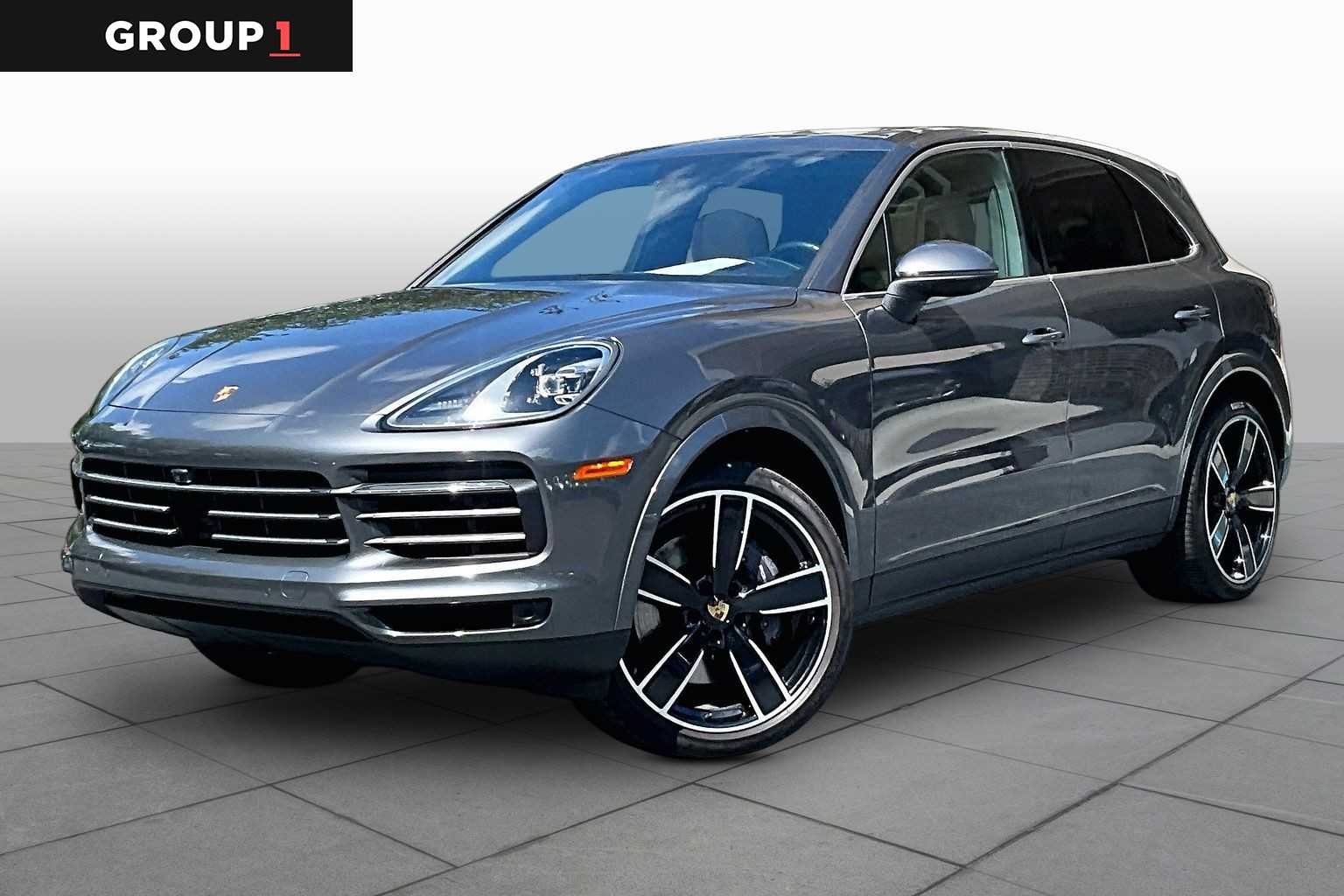 2023 Porsche Cayenne Platinum Edition's photo
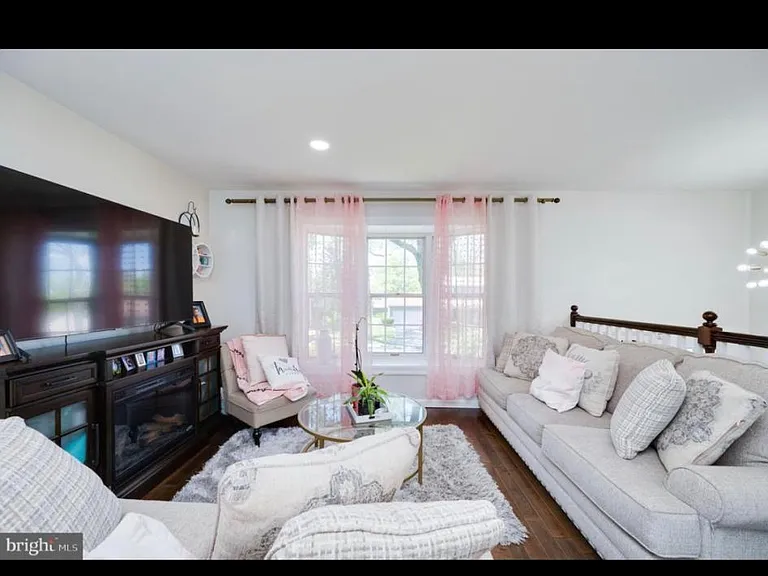 10 Cherrywood Rd — Photo 8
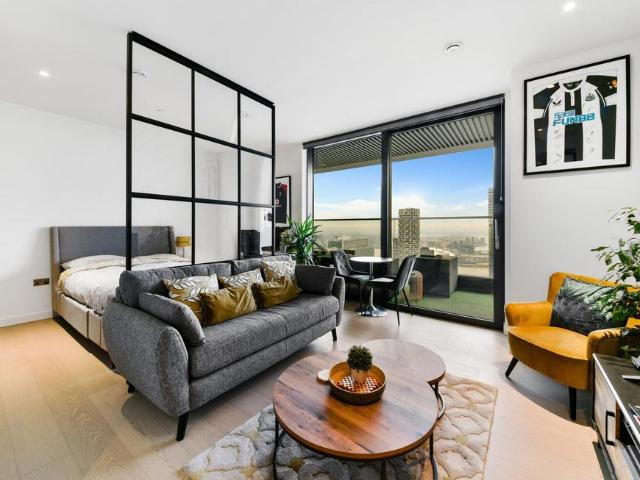 Apartment for rent in Canary Wharf, Isle Of Man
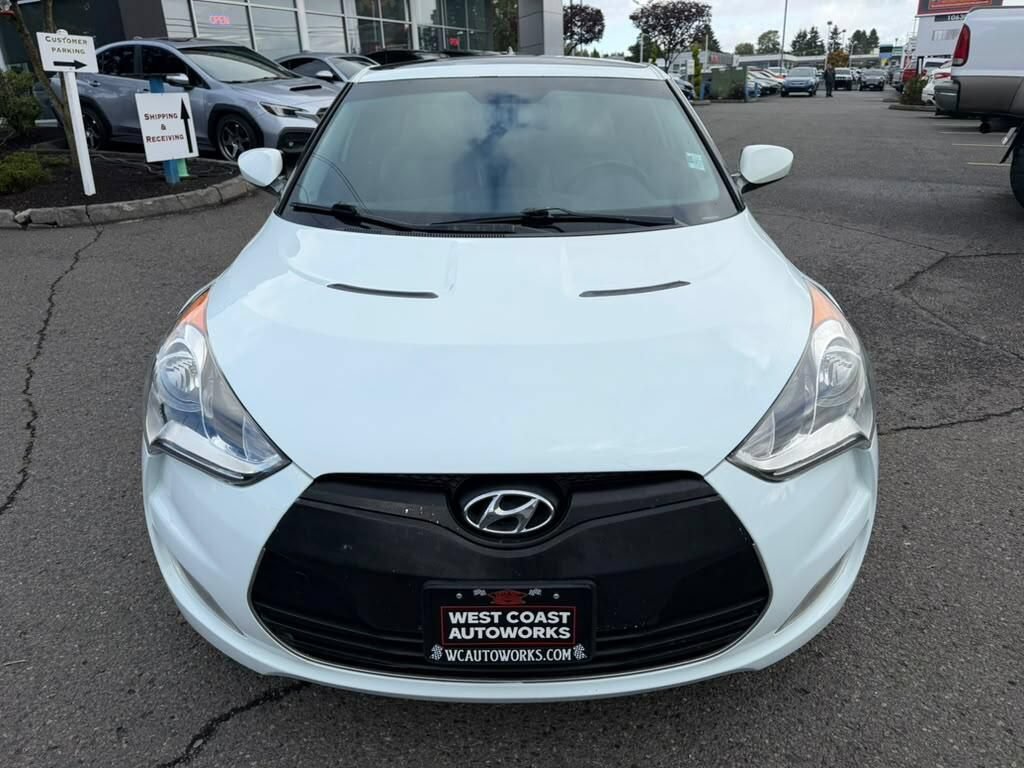 Used 2012 Hyundai Veloster w/ Style Pkg FWD image 4
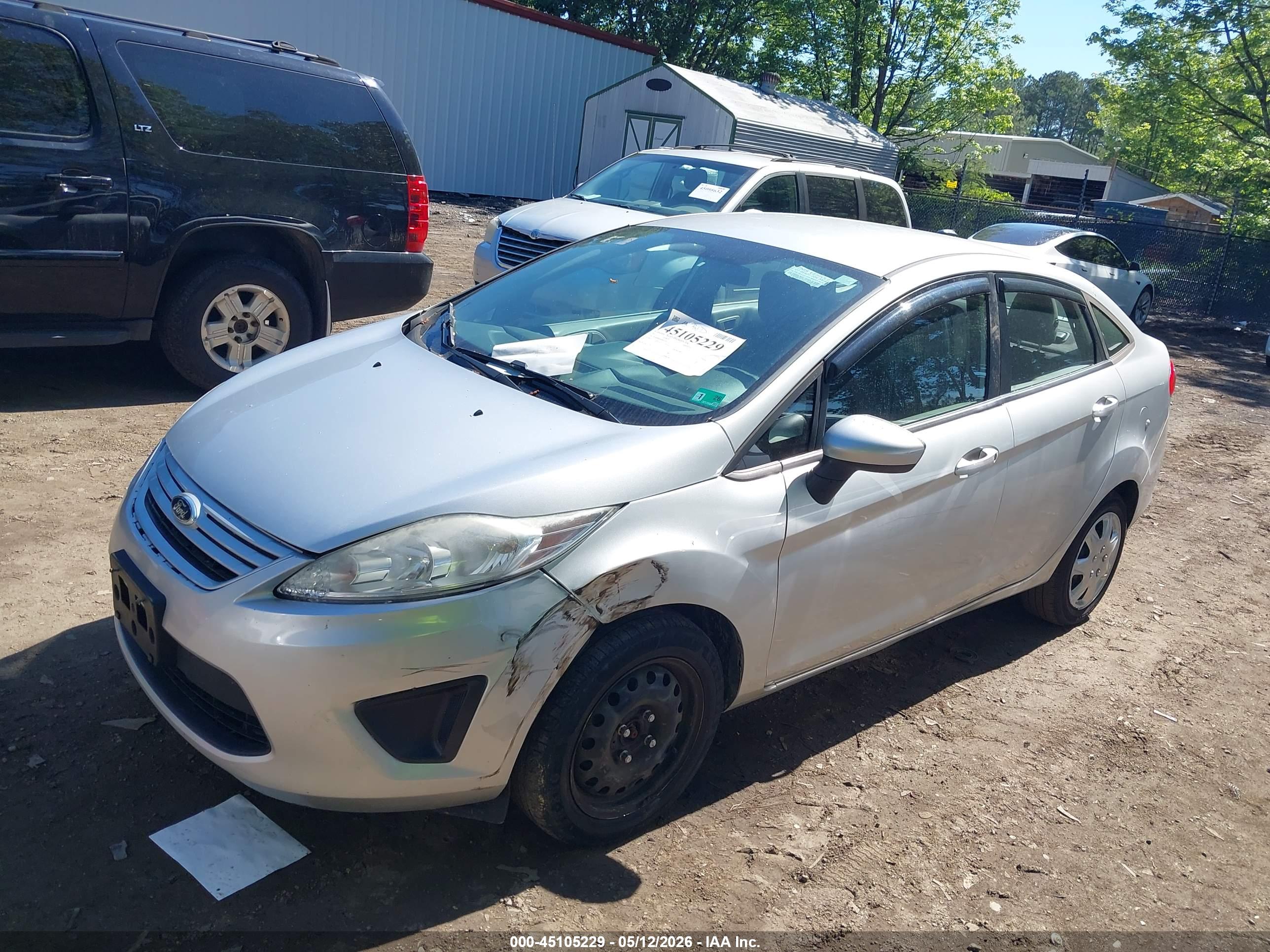 FORD FIESTA image 2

━━━━━━━━

#### [Exercise objective]
Every line from the one with "10 Cherrywood Rd — Photo 8" to the end of the records above should be restated word for word, and no picture belongs in the copy.

#### [Expected answer]
 10 Cherrywood Rd — Photo 8
 Apartment for rent in Canary Wharf, Isle Of Man
 Used 2012 Hyundai Veloster w/ Style Pkg FWD image 4
 FORD FIESTA image 2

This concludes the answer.